Top of DATA FOR REVIEW

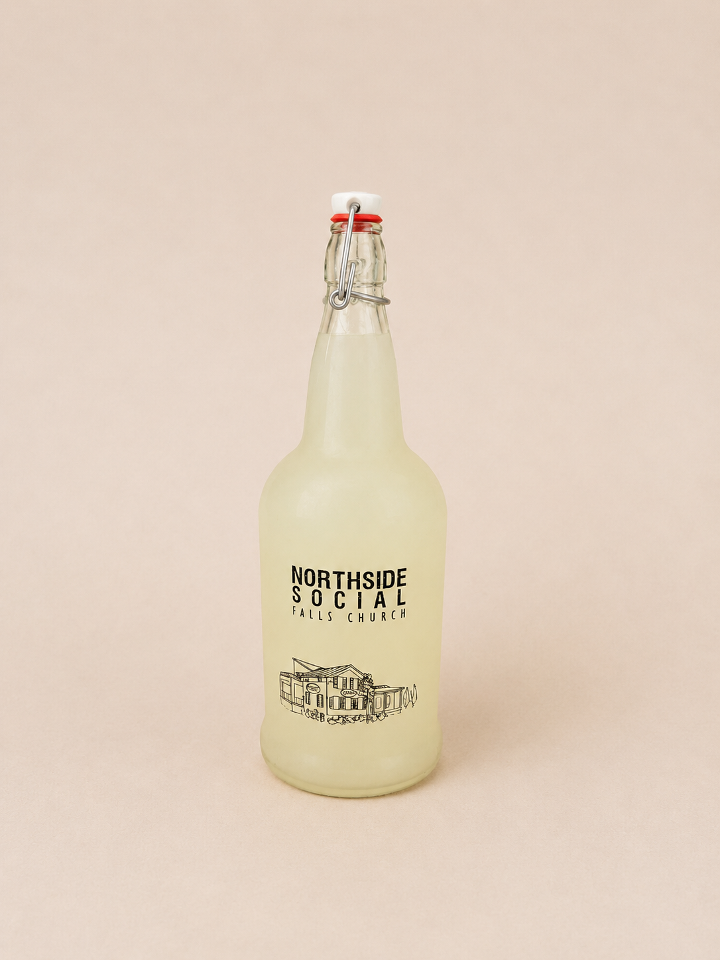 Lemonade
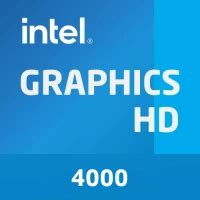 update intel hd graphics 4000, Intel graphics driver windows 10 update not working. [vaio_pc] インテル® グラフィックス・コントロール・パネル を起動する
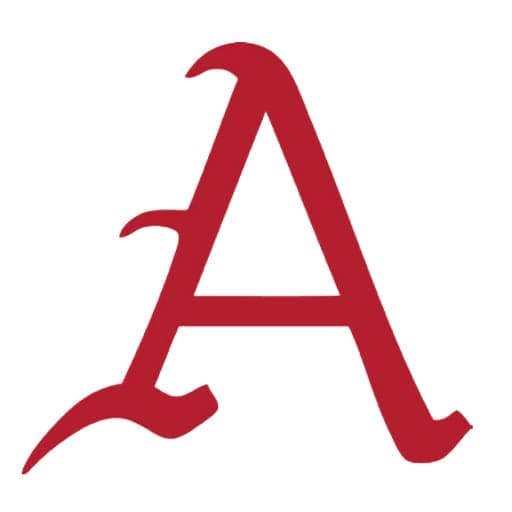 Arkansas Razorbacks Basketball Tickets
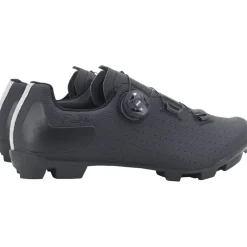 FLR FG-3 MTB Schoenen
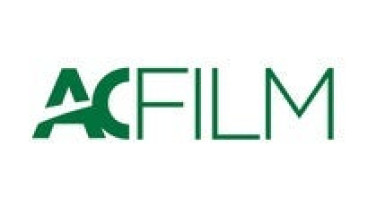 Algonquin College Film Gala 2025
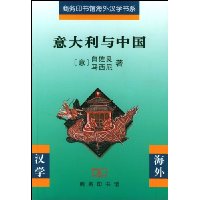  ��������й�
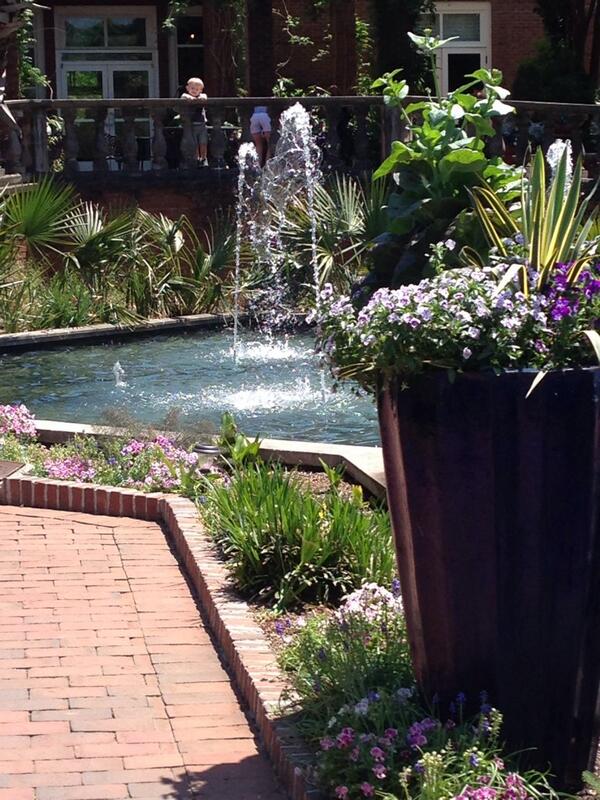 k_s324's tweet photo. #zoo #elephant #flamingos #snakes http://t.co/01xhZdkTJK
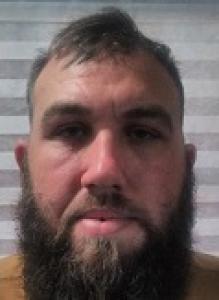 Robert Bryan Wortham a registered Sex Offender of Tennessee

Bottom of DATA FOR REVIEW
Top of DATA FOR REVIEW

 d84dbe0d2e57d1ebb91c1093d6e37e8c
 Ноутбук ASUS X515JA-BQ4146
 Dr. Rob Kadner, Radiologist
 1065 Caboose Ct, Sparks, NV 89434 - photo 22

Bottom of DATA FOR REVIEW
Top of DATA FOR REVIEW

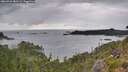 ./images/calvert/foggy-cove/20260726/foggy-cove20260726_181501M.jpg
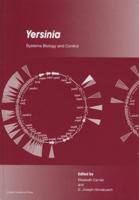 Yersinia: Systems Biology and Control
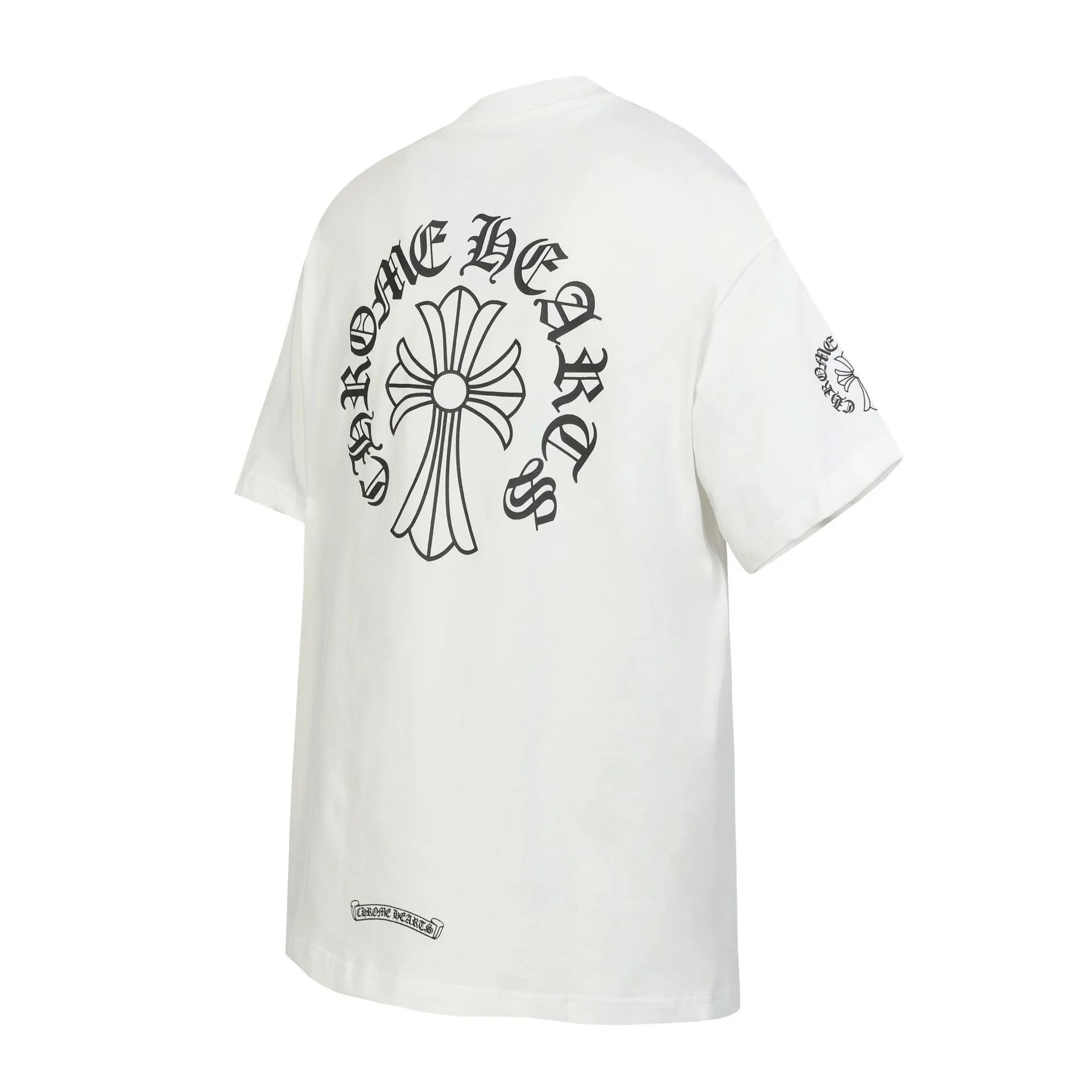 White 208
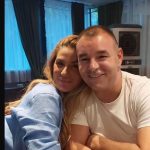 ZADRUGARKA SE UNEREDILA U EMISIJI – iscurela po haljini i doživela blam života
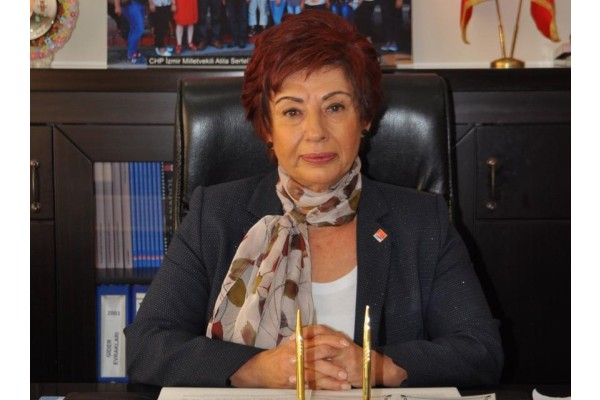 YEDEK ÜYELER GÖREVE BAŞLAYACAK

Bottom of DATA FOR REVIEW

◆ EXERCISE DIRECTIONS ◆
Look above for the line holding "Ноутбук ASUS X515JA-BQ4146" and the line holding "1065 Caboose Ct, Sparks, NV 89434 - photo 22", then output exactly those two lines and every line between them, nothing more.

◆ RESULT OF THIS EXERCISE ◆
 Ноутбук ASUS X515JA-BQ4146
 Dr. Rob Kadner, Radiologist
 1065 Caboose Ct, Sparks, NV 89434 - photo 22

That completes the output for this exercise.